- _DATASET CONTENT_:

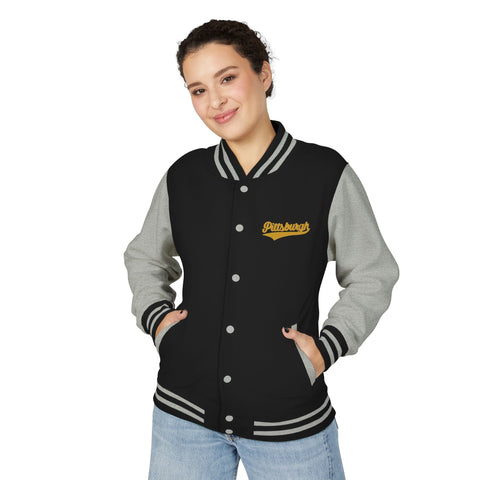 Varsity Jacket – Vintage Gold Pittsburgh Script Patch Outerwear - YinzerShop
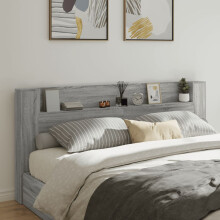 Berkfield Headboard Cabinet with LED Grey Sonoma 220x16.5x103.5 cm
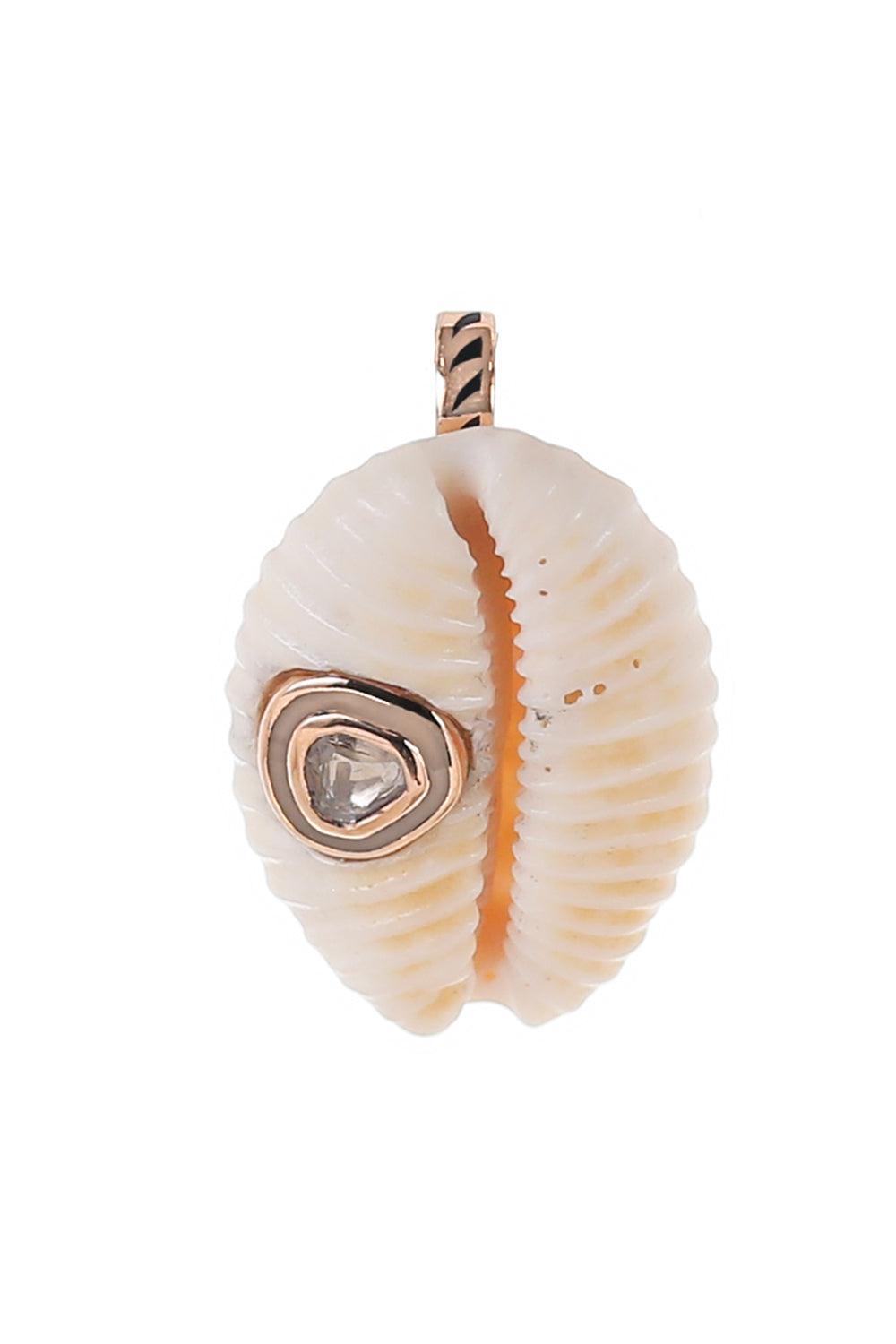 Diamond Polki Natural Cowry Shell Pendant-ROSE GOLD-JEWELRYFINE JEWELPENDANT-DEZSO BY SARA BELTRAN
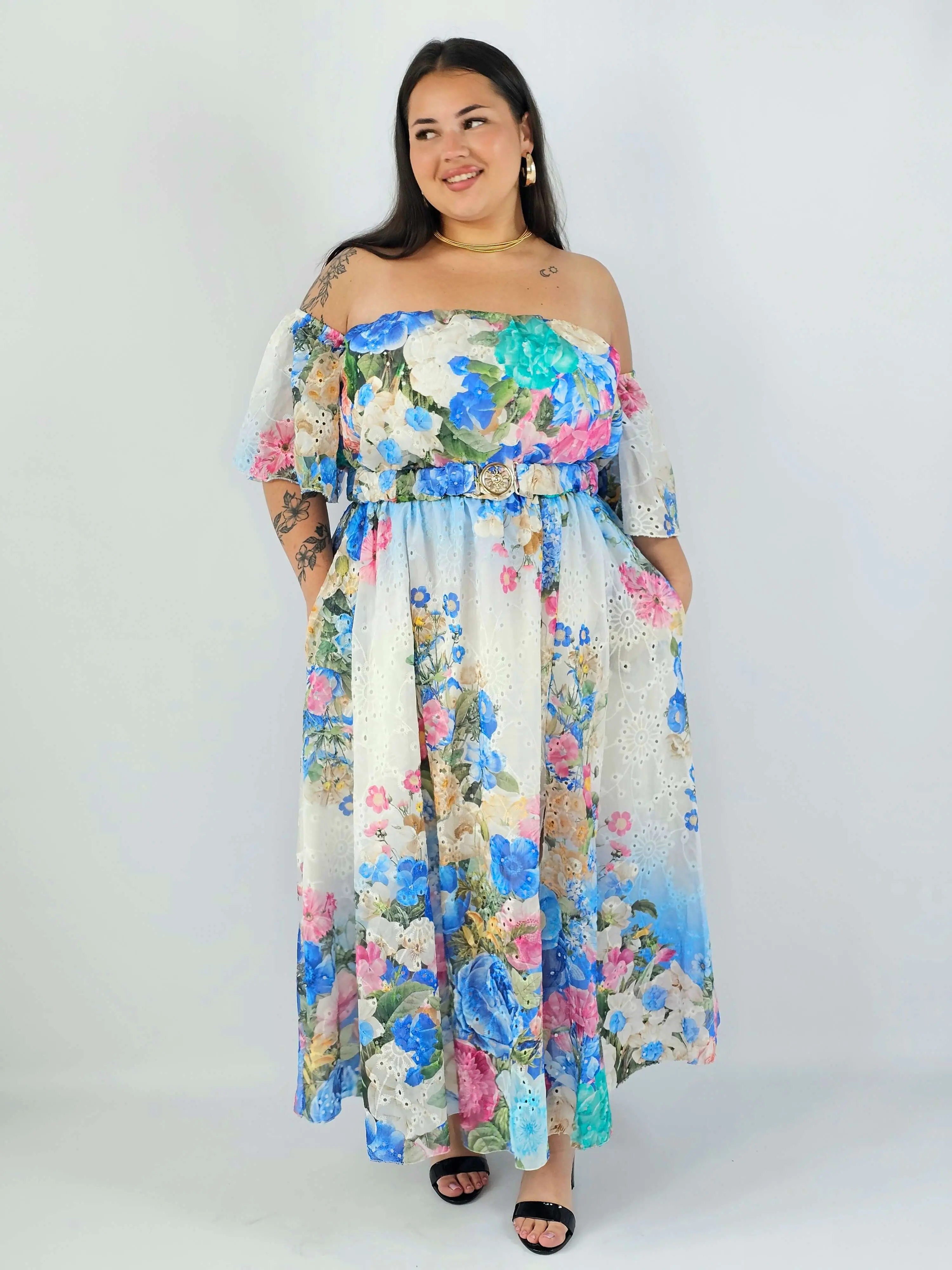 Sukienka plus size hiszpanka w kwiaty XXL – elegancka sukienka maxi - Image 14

- _THE TASK_:
When you retype the data above, match every line exactly and leave the pictures behind.

- _WRITTEN RESPONSE_:
 Varsity Jacket – Vintage Gold Pittsburgh Script Patch Outerwear - YinzerShop
 Berkfield Headboard Cabinet with LED Grey Sonoma 220x16.5x103.5 cm
 Diamond Polki Natural Cowry Shell Pendant-ROSE GOLD-JEWELRYFINE JEWELPENDANT-DEZSO BY SARA BELTRAN
 Sukienka plus size hiszpanka w kwiaty XXL – elegancka sukienka maxi - Image 14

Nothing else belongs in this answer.